━━━ Dataset extract
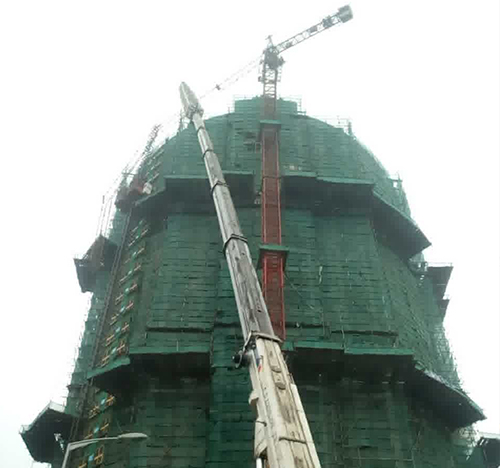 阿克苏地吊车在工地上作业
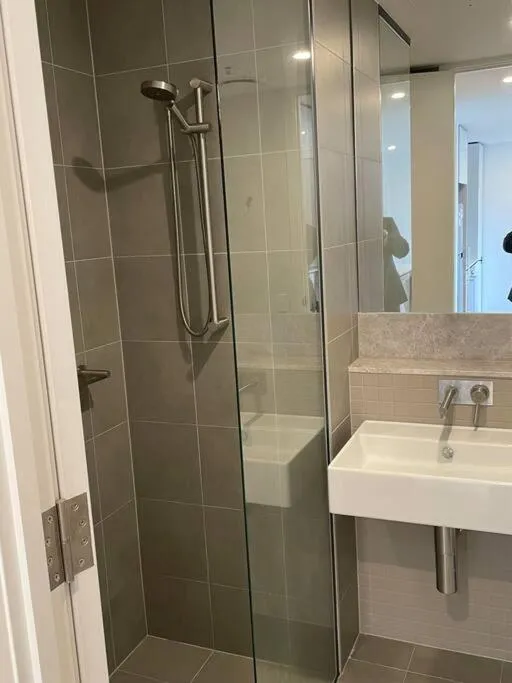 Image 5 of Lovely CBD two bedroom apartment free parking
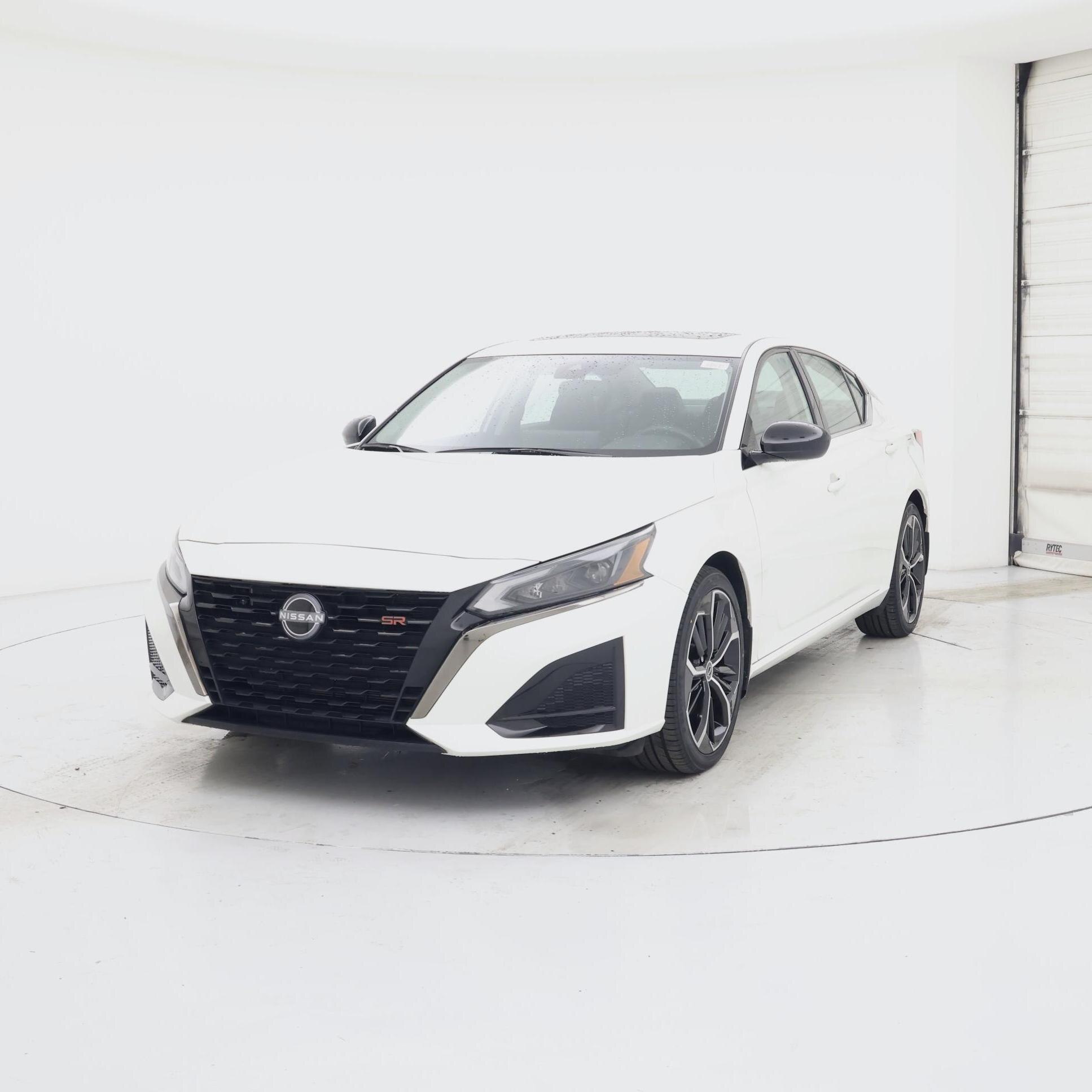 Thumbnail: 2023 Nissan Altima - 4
━━━━━━
The whole listing must be transcribed exactly. No pictures belong in the copy.

 阿克苏地吊车在工地上作业
 Image 5 of Lovely CBD two bedroom apartment free parking
 Thumbnail: 2023 Nissan Altima - 4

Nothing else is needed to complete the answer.